On Computable Numbers, with an Application to the Entscheidungsproblem

The 1936 paper that arguably started computer science:

Alan Turing, "On Computable Numbers, with an Application to the Entscheidungsproblem", Proceedings of the London Mathematical Society s2-42, 230–265, 1937. doi: 10.1112/plms/s2-42.1.230

In just 36 pages, Turing formulates (but does not name) the Turing Machine, recasts Gödel's famous First Incompleteness Theorem in terms of computation, describes the concept of universality, and in the appendix shows that computability by Turing machines is equivalent to computability by λ-definable functions (as studied by Church and Kleene).

cc-by-sa attribution

Can Programming Be Liberated from the von Neumann Style?

"Can Programming Be Liberated from the von Neumann Style? A Functional Style and Its Algebra of Programs" by John Backus. This is the 1977 ACM Turing Award Lecture in which Backus introduces functional programming to the world. ACM honored Backus with this award for his seminal work on FORTRAN and for being the B in BNF notation used for describing programming language syntax. I found this work to be really inspiring. It caused me to look at computers and programming languages in a whole new way.

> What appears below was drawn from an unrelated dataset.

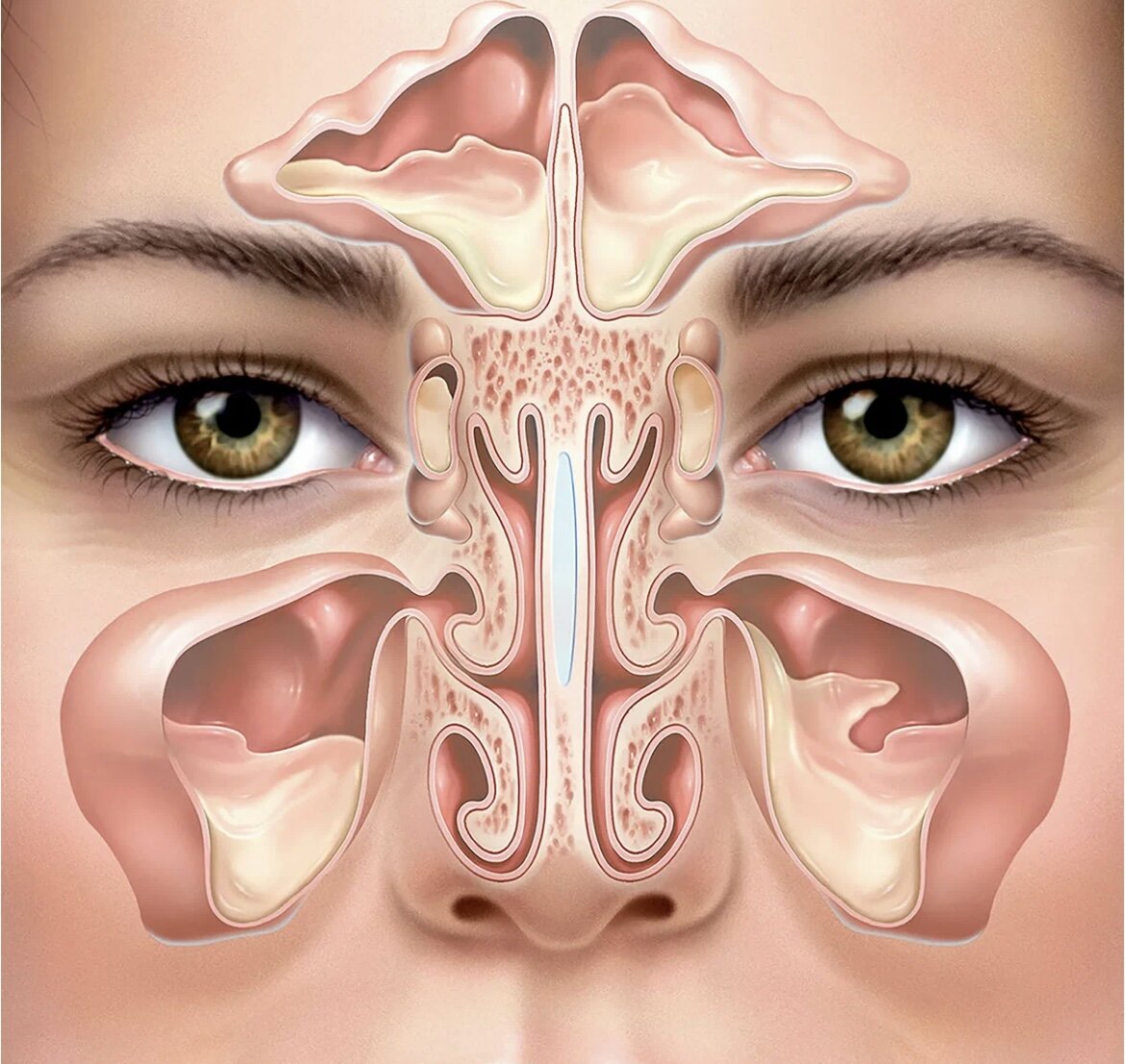 В моем случае вся проблемы у меня была в пазухах на щеках, особенно справа. Пазуха была большого размера и сдавила все другие. Перекрыв проход слизи из других пазух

It also represents the kind of paper I wish there were more of. It exposes the inspiration and thought processing behind a nest of ideas without the rigorous but limiting tone of a research paper. It is a shame that researchers have to wait for an opportunity like the ACM Turing Award to be able to express themselves in this mode. Of course, few researchers can write like John Backus. This papers clarity of vision amazes me.

cc-by-sa attribution (comments from Paul Topping)

Augmenting Human Intellect: A Conceptual Framework.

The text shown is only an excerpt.